En aquellos días me sentía solo y odiaba la vida en la Tierra. Desde niño me resultaba desagradable cualquier lugar en el que se conglomerasen grandes multitudes. Y la tierra estaba superpoblada. Me gusta la soledad, la tranquilidad, los atardeceres de Altair IV.
No se puede llamar amor a lo que nos unió a Ruth y a mí. Ni siquiera tuvo parte en ello la atracción sexual. Ella no era demasiado atractiva: una mujer corpulenta, huesuda, con un rostro singular y descoloridos cabellos.
Así que el matrimonio había sido consecuencia de una soledad mutua, simplemente como un medio para lograr escapar finalmente de la vorágine de cada día y las multitudes de la Tierra.
Tras nuestra boda fuimos a una oficina de viajes y luego a Altair IV.
Me acostumbré al clima, extraño y frío, de Altair IV, y el planeta no opuso ninguna objeción a mi presencia. Igualmente me resigné a la anormalidad de mi hijo. Pero mi mujer no pudo acostumbrarse ni al planeta ni a su niño.

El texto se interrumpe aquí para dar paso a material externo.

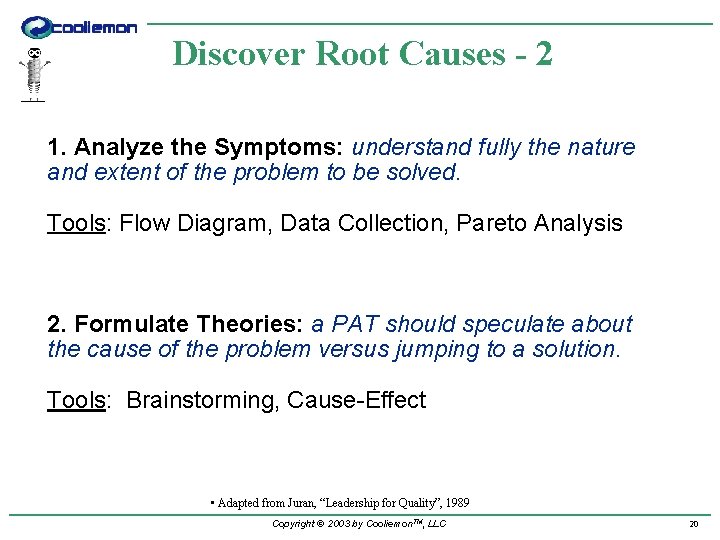 Discover Root Causes - 2 1. Analyze the Symptoms: understand fully the nature and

Ricky era diferente. No podía ser comparado con ningún otro niño. Dormía constantemente, excepto en los cortos intervalos necesarios para su alimentación. Al principio creí que también era sordomudo, pero esta sospecha no estaba justificada.
En su tercer mes comenzó a emitir sonidos, sonidos que sonaban tan extraños y peculiares que me asustaron. Los orificios oculares, que algún hado benigno había provisto de párpados, permanecían vacíos.
Frecuentemente, mi mujer me hacía pensar que su mente estaba extraviándose. Hablaba poco, hacía su trabajo de una manera mecánica, canturreaba suavemente para sí misma, me observaba con ojos muy abiertos… incrédula y pensativamente.
Pasábamos la mayor parte de nuestro tiempo sin hacer nada. Ella, echada en una tumbona, con sus manos cruzadas en el regazo y una expresión vidriosa en sus ojos. A menudo pasaba toda la tarde fuera de la casa, dejando que la suave brisa le acariciase el vacío rostro y respirando el intoxicante aroma de esas plantas que semejaban lirios silvestres.
A menudo contemplaba a Ruth, cuando se levantaba lentamente como obedeciendo a una extraña compulsión, y con pasos de marioneta se dirigía hacia los multicolores lirios, se agachaba hacia ellos e inhalaba su aroma. Las plantas parecían erguirse hacia ella, agitarse a su alrededor y susurrarle secretos.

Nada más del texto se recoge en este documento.